When I first started writing about California's high-speed rail boondoggle thirteen years ago, its advocates claimed they could connect Los Angeles and San Francisco for $33 billion. After getting $3.5 billion from the Obama administration, the number grew to $42 billion, and even then critics put closer to nine figures. Despite calling the project a "train wreck," the LA Times editorial board endorsed the project and a new state board that was supposed to exercise fiscal discipline and enforce construction deadlines.
By November 2011, the California High-Speed Rail Authority admitted that the projected cost had ballooned to $98 billion. The state and the federal government insisted on pursuing the train nonetheless and claimed it would provide massive financial and environmental benefits at some point. And they kept pouring money into the project.
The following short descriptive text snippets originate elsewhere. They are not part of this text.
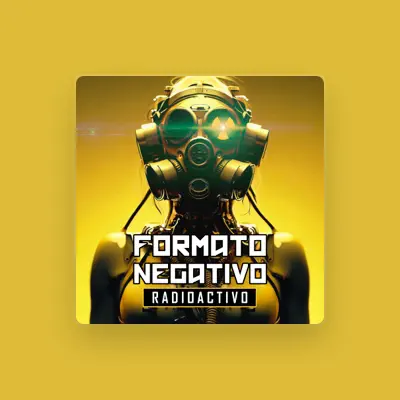 Listen to Formato Negativo, watch music videos, read bio, see tour dates & more!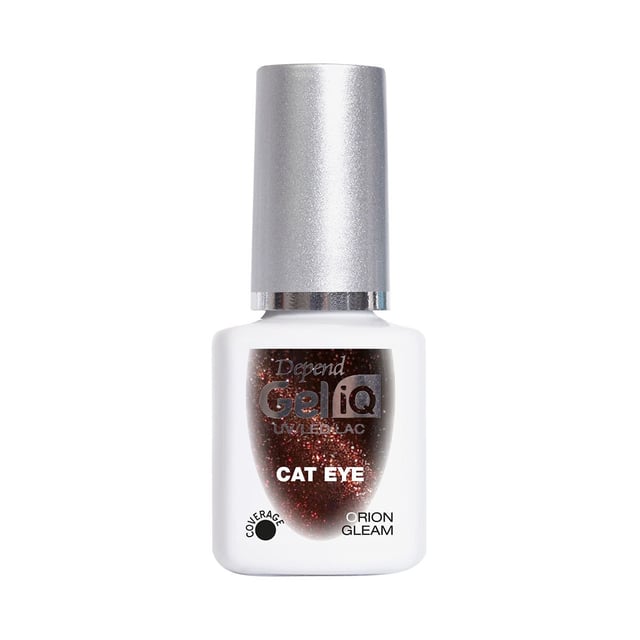 Depend Gel iQ Cat Eye Orion Gleam 5 ml | Smink - Naglar - Nagellack - Färgat nagellack | Apoteka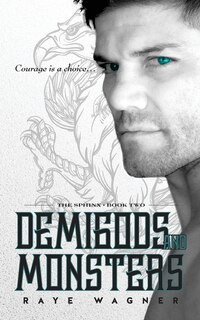 Front cover_Demigods and Monsters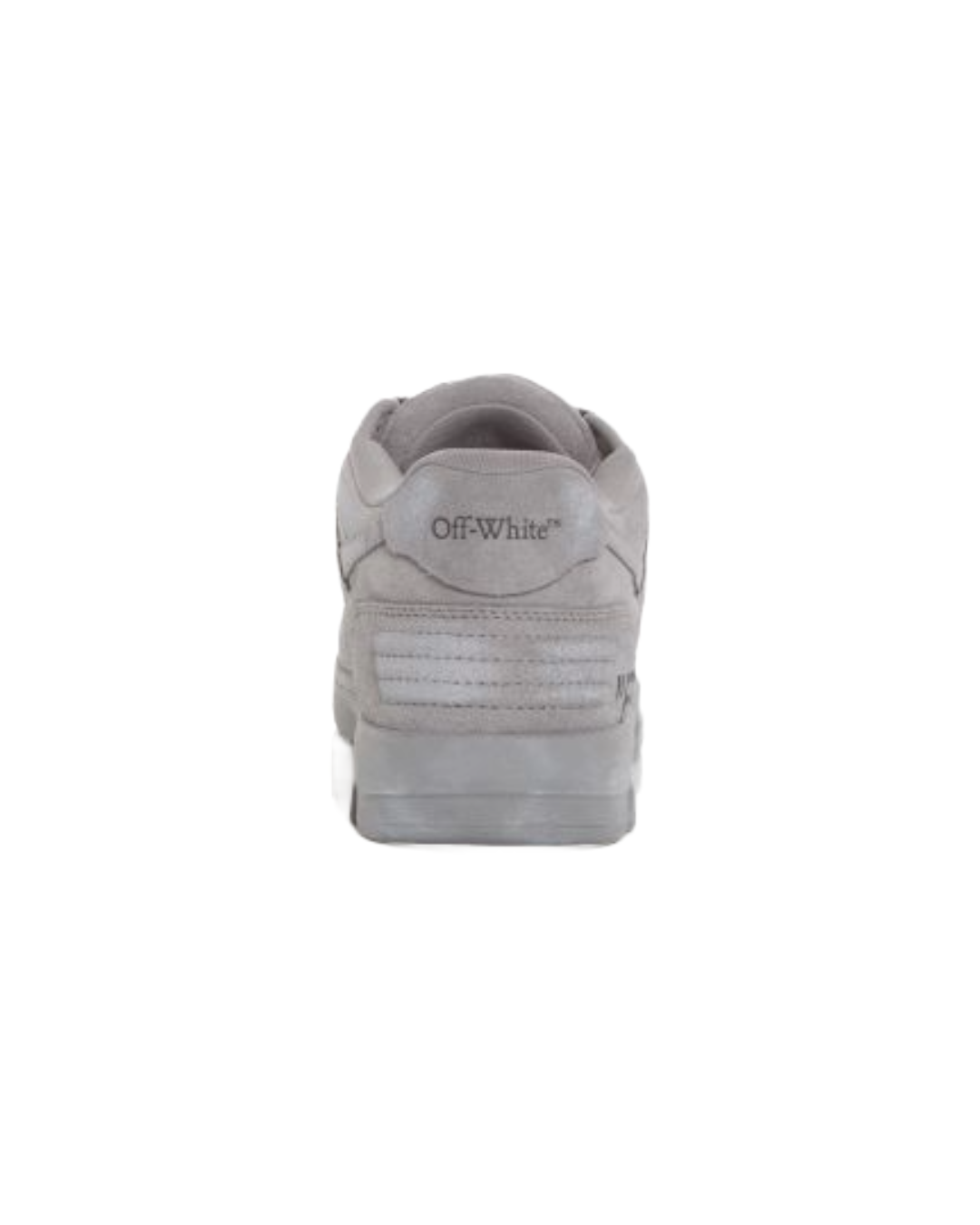 OUT OF OFFICE GREY SUEDE SNEAKER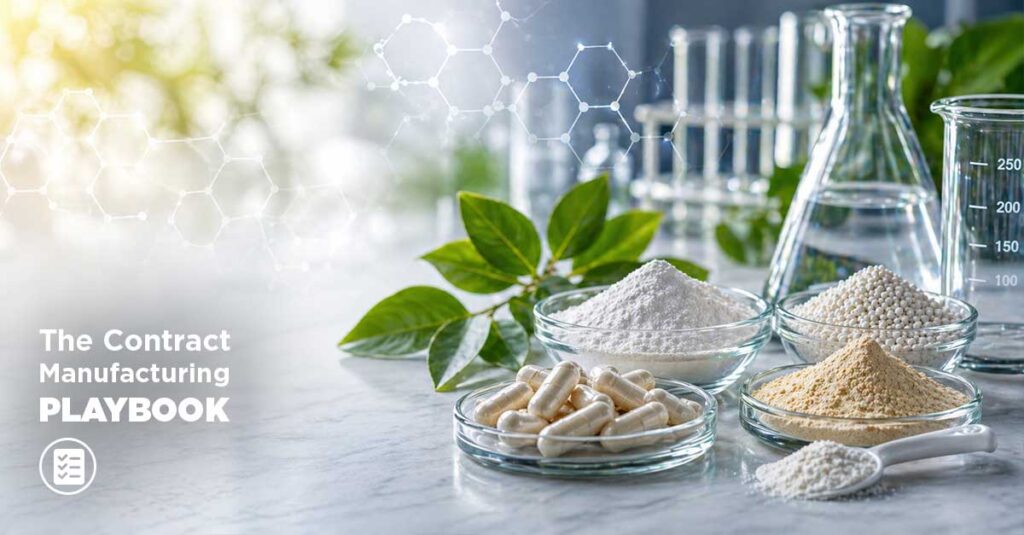 The Truth About Excipients and Emulsifiers in Dietary Supplement Contract Manufacturing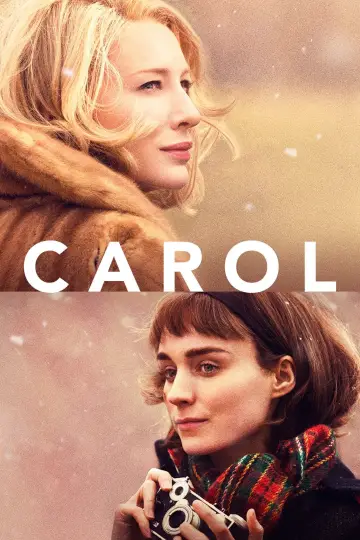 Plakat do filmu "Carol" #69700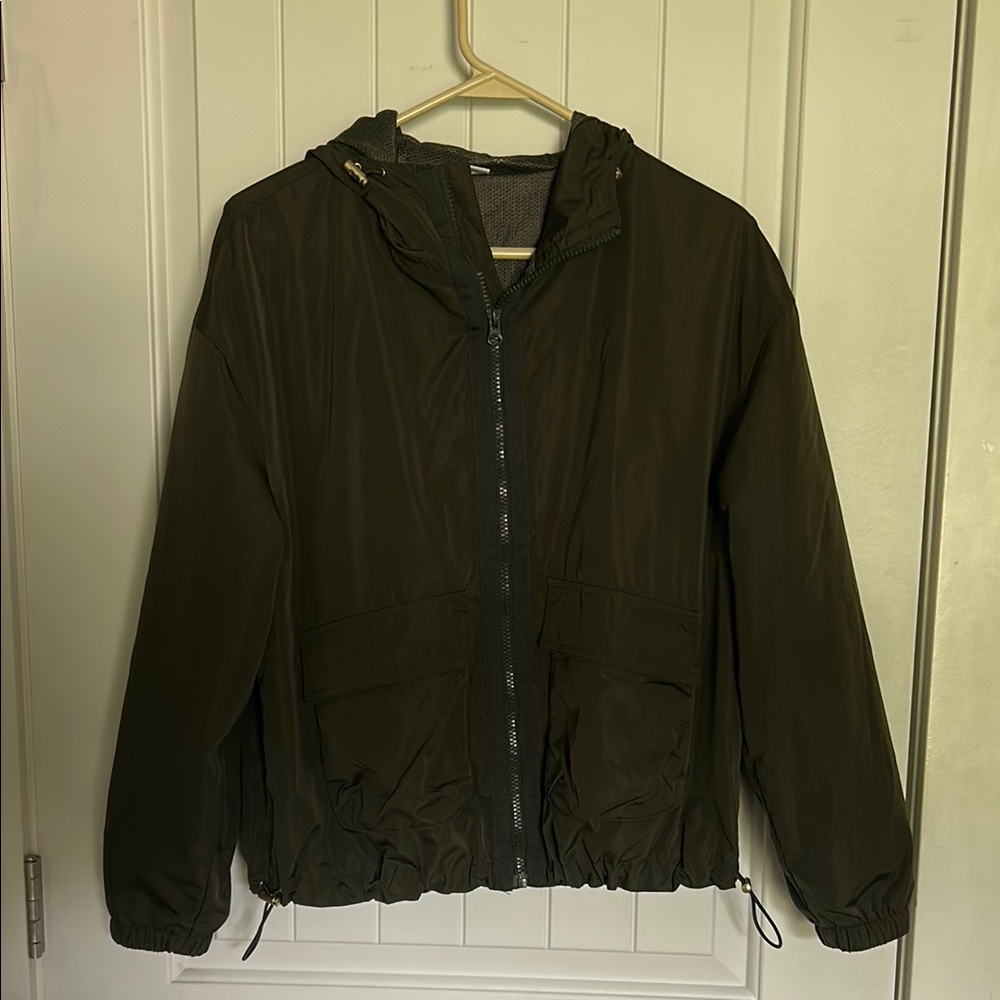 Old Navy Olive Green Jacket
Flash forward a dozen years ahead to today. With no tracks completed for even a portion of the route, the CHSRA now wants more funding to keep the project moving. And when I say "more," I mean $100 billion more, and that may not be the end of the funding requests:
As the state faces economic headwinds, California's mega high-speed rail project between San Francisco to Los Angeles also faces major funding hurdles, the project's CEO Brian Kelly told state lawmakers Tuesday.
Kelly testified in front of the State Senate's Transportation Committee on the High-Speed Rail Authority's updated draft business plan. In Tuesday's hearing, Kelly told lawmakers the project has $28 billion dollars on hand, but noted it was still a few billion dollars short to complete the Central Valley segment between Merced and Bakersfield. Depending on how long the segment takes to finish, it could cost between $32 Billion to $35 Billion. Kelly said the project is hoping to fill the gap with federal funds. That segment of the project is expected to be fully operational between 2030 and 2033, Kelly said.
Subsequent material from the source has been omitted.